[LAD] Is -ffast-math safe for audio?

Hermann Meyer brummer- at web.de
Thu Nov 22 21:27:58 CET 2018


Am 22.11.18 um 21:07 schrieb Fons Adriaensen:
> On Thu, Nov 22, 2018 at 06:57:15PM +0100, Hermann Meyer wrote:
>   
>> Am 22.11.18 um 18:30 schrieb Will Godfrey:
>>> While testing some mixed floating point and integer calculations I found a
>>> quite surprising difference when this compiler option was set (gcc 6.x). It was
>>> clearly different at only 100 iterations and got dramatically worse with
>>> larger counts.
>>>
>>> ...
>> In the guitarix project we've disabled  -ffast-math several years ago, when
>> I remember right it was at gcc3, as it could lead to different
>> un-reproduciable calculations. Last option I've disabled on gcc8 now, is
>> -ffinite-math-only, this one leads to nan's and inf's in several cases,
>> which been as well not reproducible.
> -ffast-math should be perfectly OK for any normal audio DSP code.
> The only use case where I'd consider not using it is for precision
> measurement applications.
>
> If using it leads to unexpected results that means that the algorithm
> used is itself numerically unstable.
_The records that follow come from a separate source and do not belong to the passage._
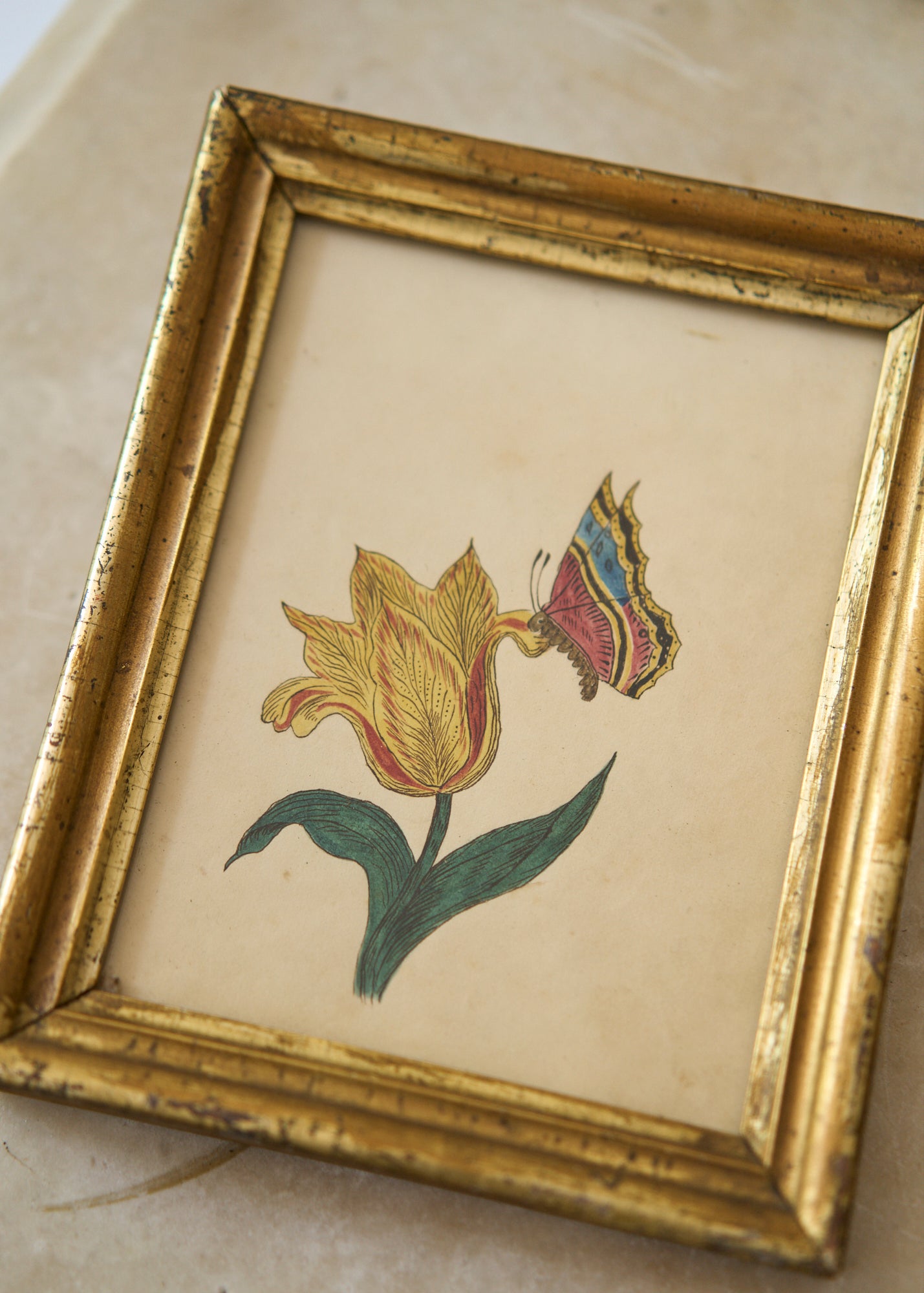 Early 19th Watercolor and Pencil Tulip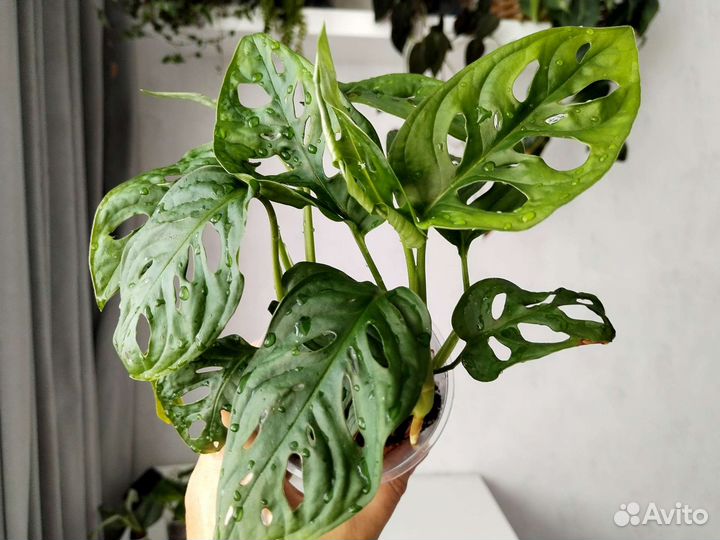 Ароидные: аглаонема монстера филодендрон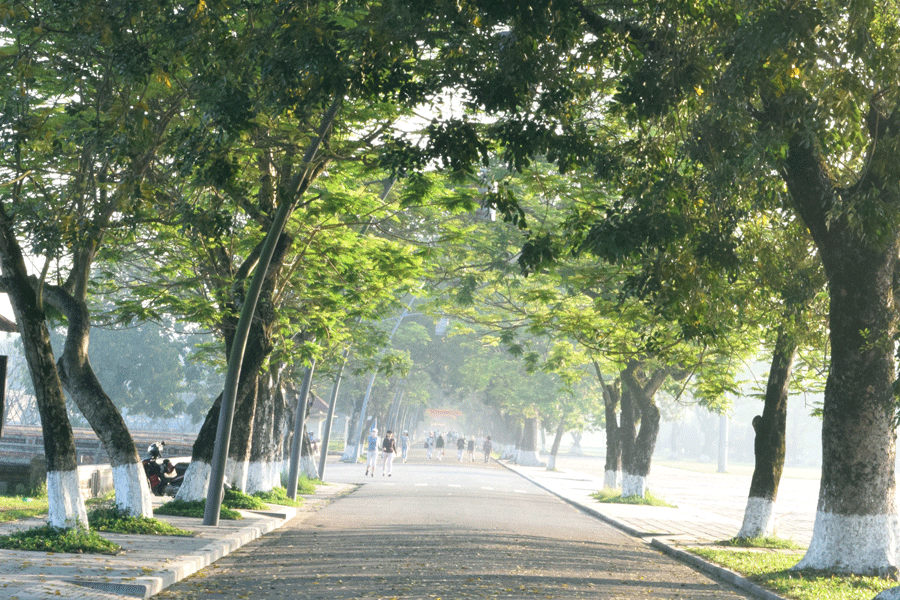 Ảnh minh họa Ảnh minh họa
A classic example of this is the
> 'biquad' and similar structures when used for filters that operate
> mainly on low frequencies. Unfortunately, that sort of code is
> everywhere, cut and pasted from one bad example to the next.
>
> Strange that this turns up right now. Earlier today I was implementing
> an IIR filter originally designed in MatLab which uses doubles for
> everything. When the coefficients were truncated to 32-bit floats,
> the filter became unstable. This doesn't mean that such a filter
> needs double precision. It just indicates bad design.
>
> Ciao,


In guitarix nearly all DSP is generated by FAUST.

However, problems with NAN's and INF's when use -ffinite-math-only 
occurs only when we save preset values to file, and only sometimes then. 
Without  -ffinite-math-only never ever.